## INSTRUCTIONS TO FOLLOW
Print exactly the lines below between the line containing "Veste de pluie" and the line containing "Engine Bay Left", counting both of those lines. Leave pictures out.

## MATERIAL FOR THIS TASK
+++

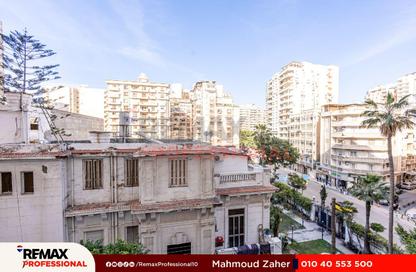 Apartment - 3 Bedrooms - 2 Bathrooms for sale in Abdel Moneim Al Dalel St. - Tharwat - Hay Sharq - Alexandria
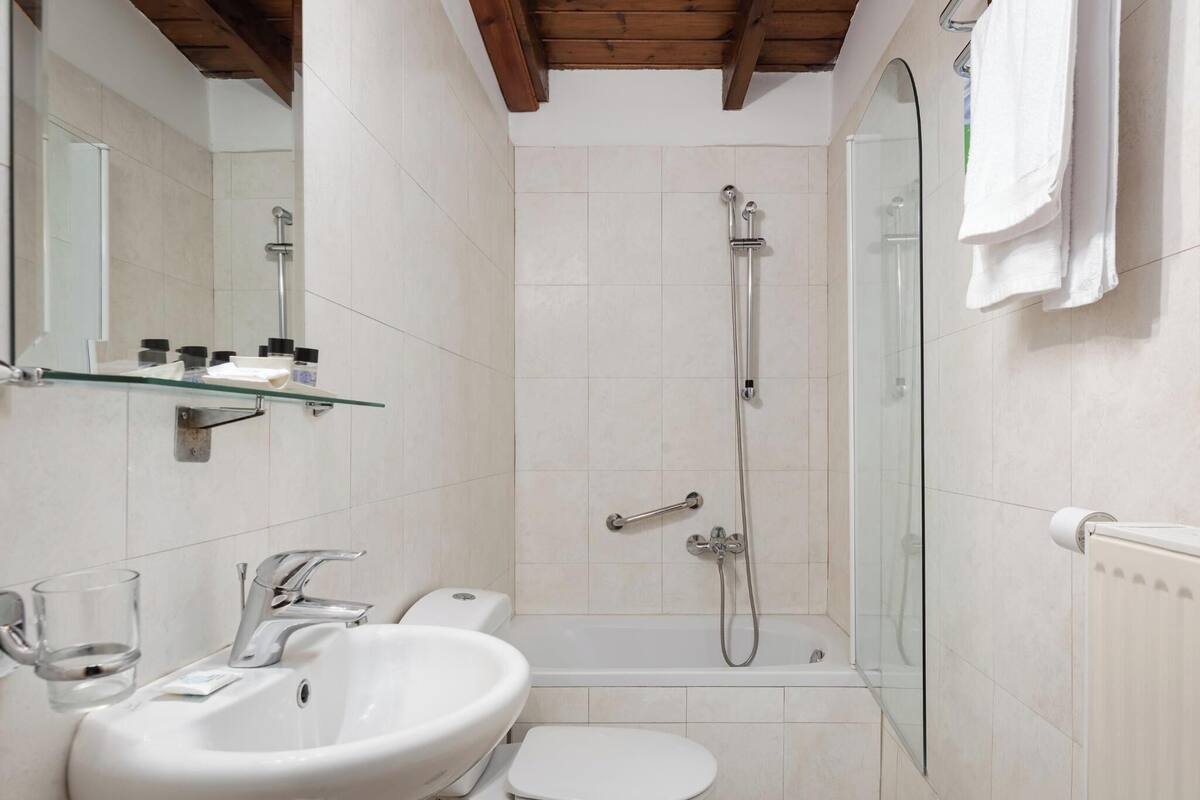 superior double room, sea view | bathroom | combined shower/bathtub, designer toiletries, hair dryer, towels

+++

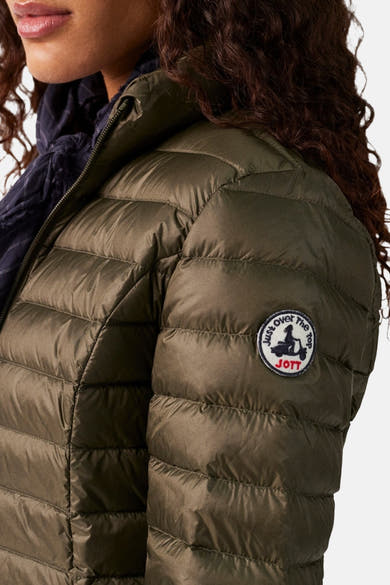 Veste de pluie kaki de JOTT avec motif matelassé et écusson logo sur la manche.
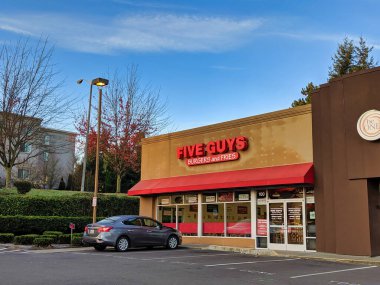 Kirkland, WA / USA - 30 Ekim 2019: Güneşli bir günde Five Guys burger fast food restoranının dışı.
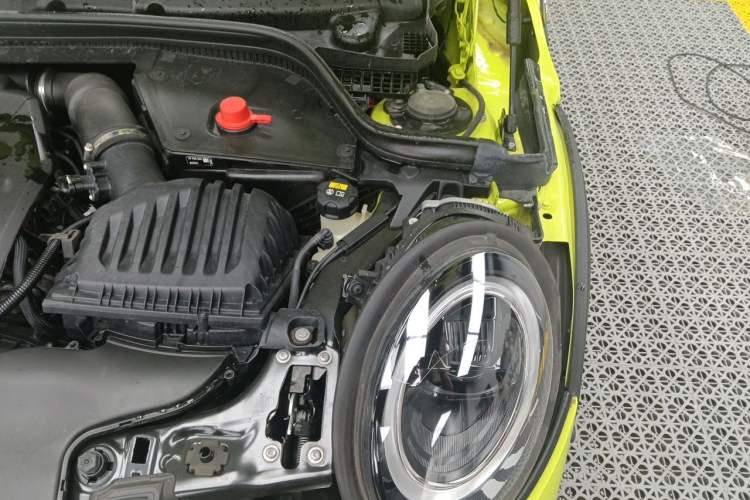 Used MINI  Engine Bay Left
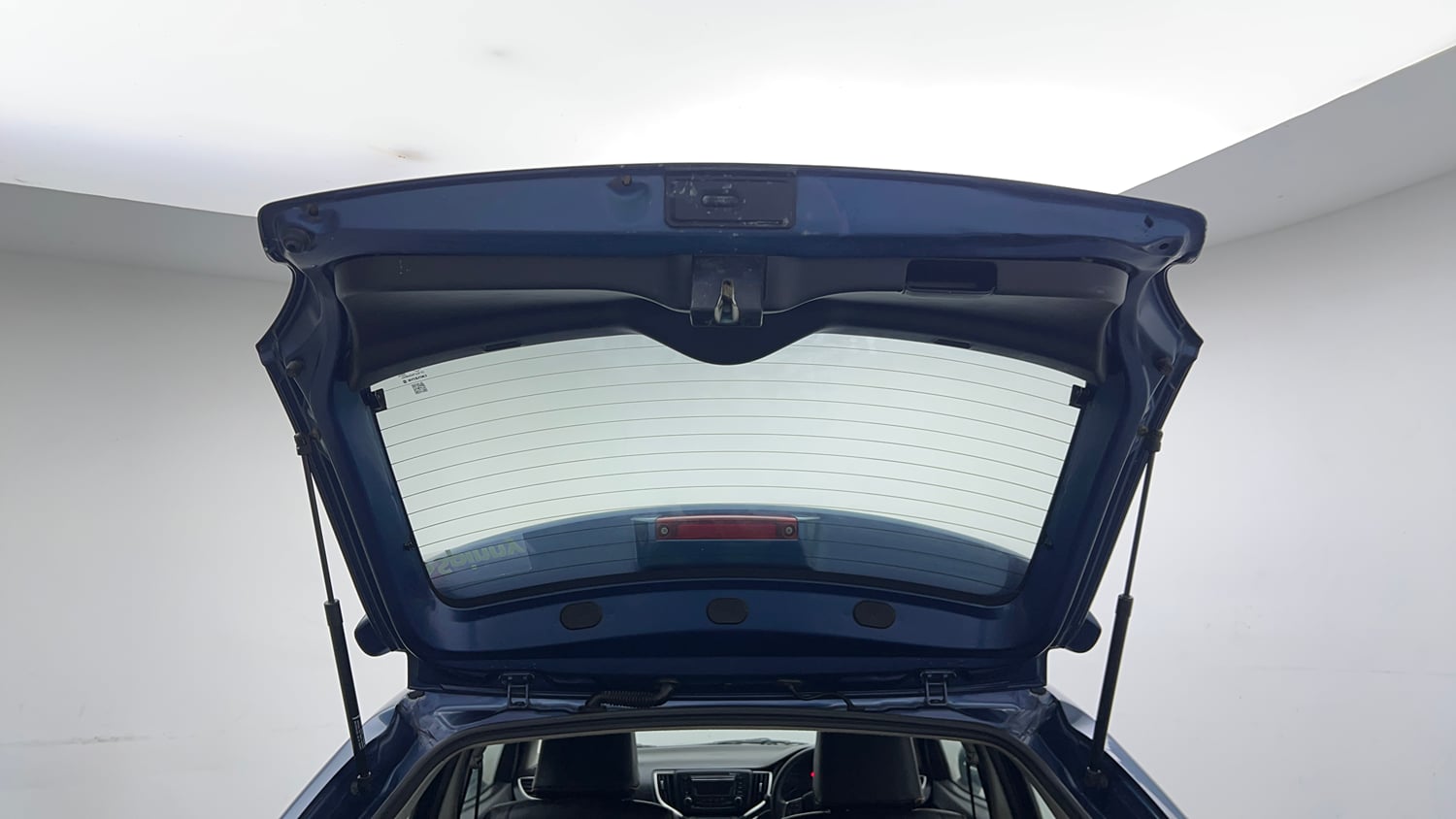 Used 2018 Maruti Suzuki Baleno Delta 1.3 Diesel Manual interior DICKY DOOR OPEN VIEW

+++

## ANSWER SECTION
 Veste de pluie kaki de JOTT avec motif matelassé et écusson logo sur la manche.
 Kirkland, WA / USA - 30 Ekim 2019: Güneşli bir günde Five Guys burger fast food restoranının dışı.
 Used MINI  Engine Bay Left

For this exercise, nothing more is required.